:: The data ::

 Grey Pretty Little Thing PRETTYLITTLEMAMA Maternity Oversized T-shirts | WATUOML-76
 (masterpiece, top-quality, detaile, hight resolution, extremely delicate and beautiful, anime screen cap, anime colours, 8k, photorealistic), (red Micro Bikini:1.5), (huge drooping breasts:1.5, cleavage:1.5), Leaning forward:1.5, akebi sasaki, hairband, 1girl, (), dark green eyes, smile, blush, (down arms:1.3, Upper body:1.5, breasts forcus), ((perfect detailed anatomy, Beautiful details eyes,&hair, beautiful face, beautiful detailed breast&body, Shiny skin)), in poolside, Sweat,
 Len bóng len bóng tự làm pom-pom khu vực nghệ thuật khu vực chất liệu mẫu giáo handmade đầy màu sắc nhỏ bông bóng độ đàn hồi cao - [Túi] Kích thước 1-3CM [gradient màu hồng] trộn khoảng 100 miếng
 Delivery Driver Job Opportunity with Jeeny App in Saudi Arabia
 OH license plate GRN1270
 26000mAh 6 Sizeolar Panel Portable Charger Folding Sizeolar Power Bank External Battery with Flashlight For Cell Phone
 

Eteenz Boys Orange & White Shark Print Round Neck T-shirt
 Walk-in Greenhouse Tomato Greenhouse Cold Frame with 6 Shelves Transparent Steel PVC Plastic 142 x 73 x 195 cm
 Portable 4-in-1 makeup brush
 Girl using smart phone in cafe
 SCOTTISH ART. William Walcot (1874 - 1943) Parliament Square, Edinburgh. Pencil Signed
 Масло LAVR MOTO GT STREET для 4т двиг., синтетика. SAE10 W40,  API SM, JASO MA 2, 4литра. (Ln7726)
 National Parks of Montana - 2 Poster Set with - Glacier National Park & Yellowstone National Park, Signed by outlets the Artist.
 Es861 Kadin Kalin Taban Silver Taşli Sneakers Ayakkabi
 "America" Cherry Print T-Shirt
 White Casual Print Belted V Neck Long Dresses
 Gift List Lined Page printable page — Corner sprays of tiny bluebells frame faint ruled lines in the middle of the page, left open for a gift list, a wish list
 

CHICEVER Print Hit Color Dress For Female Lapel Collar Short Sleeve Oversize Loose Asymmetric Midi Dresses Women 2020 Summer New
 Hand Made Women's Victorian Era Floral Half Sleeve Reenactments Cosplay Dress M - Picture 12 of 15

:::

◆ **The problem**: Repeat the listing above without any change.

◆ **Task response**:
 Grey Pretty Little Thing PRETTYLITTLEMAMA Maternity Oversized T-shirts | WATUOML-76
 (masterpiece, top-quality, detaile, hight resolution, extremely delicate and beautiful, anime screen cap, anime colours, 8k, photorealistic), (red Micro Bikini:1.5), (huge drooping breasts:1.5, cleavage:1.5), Leaning forward:1.5, akebi sasaki, hairband, 1girl, (), dark green eyes, smile, blush, (down arms:1.3, Upper body:1.5, breasts forcus), ((perfect detailed anatomy, Beautiful details eyes,&hair, beautiful face, beautiful detailed breast&body, Shiny skin)), in poolside, Sweat,
 Len bóng len bóng tự làm pom-pom khu vực nghệ thuật khu vực chất liệu mẫu giáo handmade đầy màu sắc nhỏ bông bóng độ đàn hồi cao - [Túi] Kích thước 1-3CM [gradient màu hồng] trộn khoảng 100 miếng
 Delivery Driver Job Opportunity with Jeeny App in Saudi Arabia
 OH license plate GRN1270
 26000mAh 6 Sizeolar Panel Portable Charger Folding Sizeolar Power Bank External Battery with Flashlight For Cell Phone
 

Eteenz Boys Orange & White Shark Print Round Neck T-shirt
 Walk-in Greenhouse Tomato Greenhouse Cold Frame with 6 Shelves Transparent Steel PVC Plastic 142 x 73 x 195 cm
 Portable 4-in-1 makeup brush
 Girl using smart phone in cafe
 SCOTTISH ART. William Walcot (1874 - 1943) Parliament Square, Edinburgh. Pencil Signed
 Масло LAVR MOTO GT STREET для 4т двиг., синтетика. SAE10 W40,  API SM, JASO MA 2, 4литра. (Ln7726)
 National Parks of Montana - 2 Poster Set with - Glacier National Park & Yellowstone National Park, Signed by outlets the Artist.
 Es861 Kadin Kalin Taban Silver Taşli Sneakers Ayakkabi
 "America" Cherry Print T-Shirt
 White Casual Print Belted V Neck Long Dresses
 Gift List Lined Page printable page — Corner sprays of tiny bluebells frame faint ruled lines in the middle of the page, left open for a gift list, a wish list
 

CHICEVER Print Hit Color Dress For Female Lapel Collar Short Sleeve Oversize Loose Asymmetric Midi Dresses Women 2020 Summer New
 Hand Made Women's Victorian Era Floral Half Sleeve Reenactments Cosplay Dress M - Picture 12 of 15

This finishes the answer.